Muchos aún recordamos como una conmoción aquel anuncio en febrero de 2014 que certificaba la defunción de Berrogüetto, con mucha probabilidad la mejor formación que ha dejado la música folclórica gallega en toda su historia. El septeto vigués-compostelano extendió su magisterio a lo largo de 18 años, cinco álbumes en estudio y uno en directo, y al consuelo de su legado ya inamovible se ha ido sumando la proliferación de trabajos de quienes fueron sus integrantes. El vocalista Xabier Díaz ha resultado de lejos el más exitoso y prolífico (Guadi Galego, su antecesora, va por libre en territorios cada vez más afines al pop), el violinista Quim Farinha y el acordeonista Santi Cribeiro han encontrado acomodo en la superbanda Os d’Abaixo, el multiinstrumentista y genio disperso Anxo Pintos parece preferir por ahora el perfil bajo y esa luminaria en la sombra que siempre fue Quico Comesaña debuta ahora como artista en solitario, a los cincuenta y tantos, con un álbum enteramente instrumental, primoroso, delicadísimo y casi tan marcado por el ADN gallego como por el amor hacia el folk británico y, diremos más, el rock sinfónico.

 

Comesaña fue un firmante nada prolífico durante la etapa de Berrogüetto, pero el puñado de piezas que llevaban su nombre era soberbio; nada como recuperar la sensacional Astrea, de la que acabaría siendo su entrega definitiva (Kosmogonías, 2010), para intuir su visión panorámica y riquísima, afín a los compases irregulares y las estructuras progresivas de quien escuchó hasta la saciedad a King Crimson o a aquel Mike Oldfield en estado de gracia de Ommadawn (1975).
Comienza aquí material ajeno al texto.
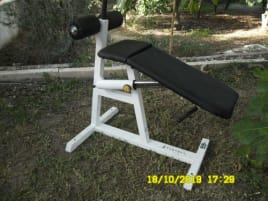Gym 80 Bauchbank, Sonderanfertigung. Extrem massiv, mehrfach einstellbar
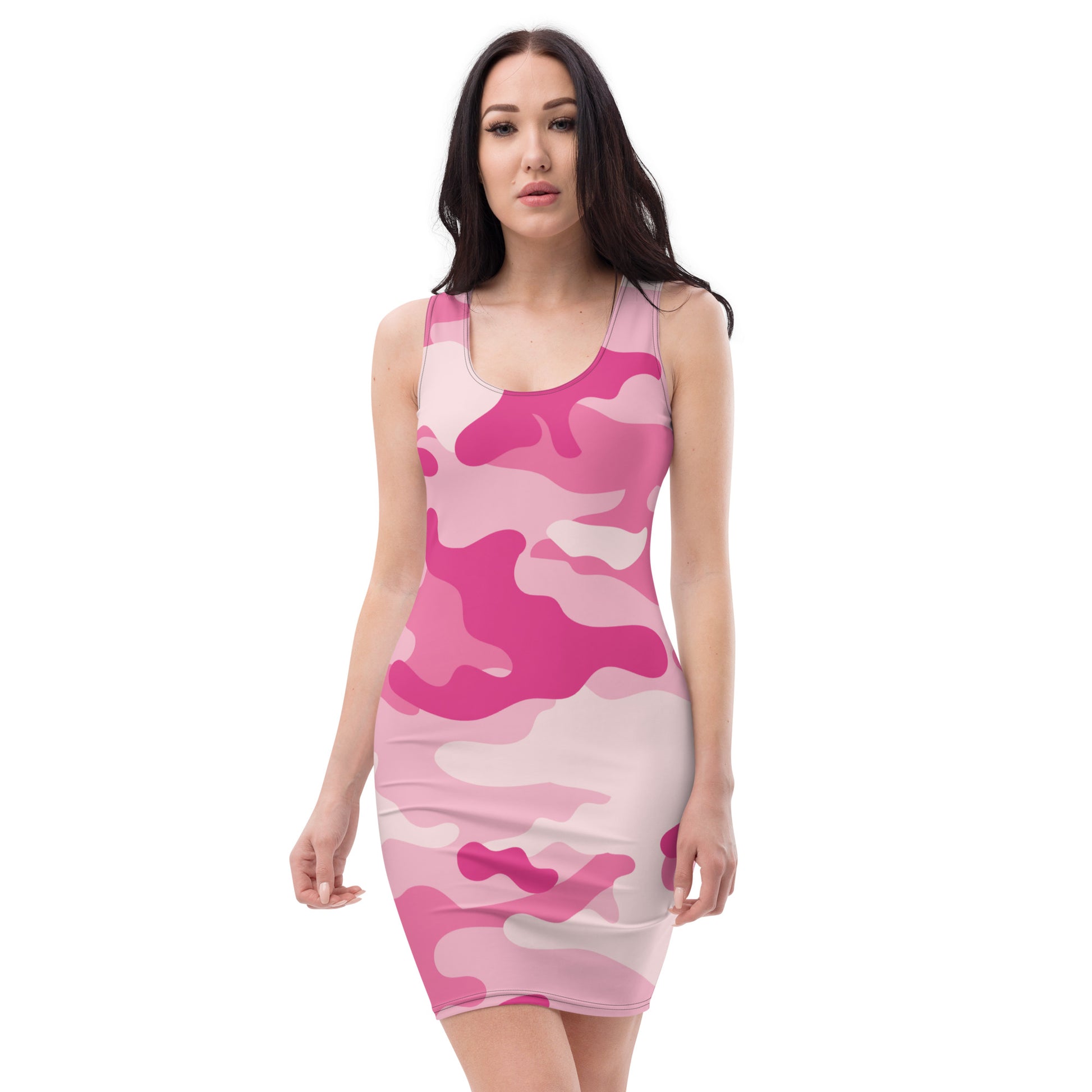 Camo Dress | Lavender Pink Camouflage | Tight Bodycon Fit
Todo ese universo inspirador acaba eclosionando ahora en este Mãe, debut tardío pero fabuloso, obra de orfebrería muy fina en la que Comesaña ha reconcentrado toda la sabiduría acumulada durante décadas.

 

Mãe es un elepé solista en grado sumo, puesto que su máximo responsable, que con Berrogüetto y sus aventuras previas (Armeguín, Fía na Roca) había centrado los esfuerzos en el buzuki y el arpa céltica, incrementa el arsenal sonoro con docenas de percusiones y casi cualquier instrumento de cuerda que pasara por sus manos. Guitarras acústicas y también eléctricas, mandolinas, banjo, violonchelo y una larga colección de artefactos pasan por las manos de Comesaña, que apenas precisa de colaboración externa (el acordeón de Marcos Padrón, el violín de Carmen Gallego, el ocasional oboe de Guillermo Arévalo y las percusiones escuetas de Isaac Palacín, su viejo amigo de los berros) para culminar este disco personalísimo. Tanto que, pese a su complejidad minuciosa, no inspira tanto la sensación de obra ambiciosa como de autorretrato apasionado.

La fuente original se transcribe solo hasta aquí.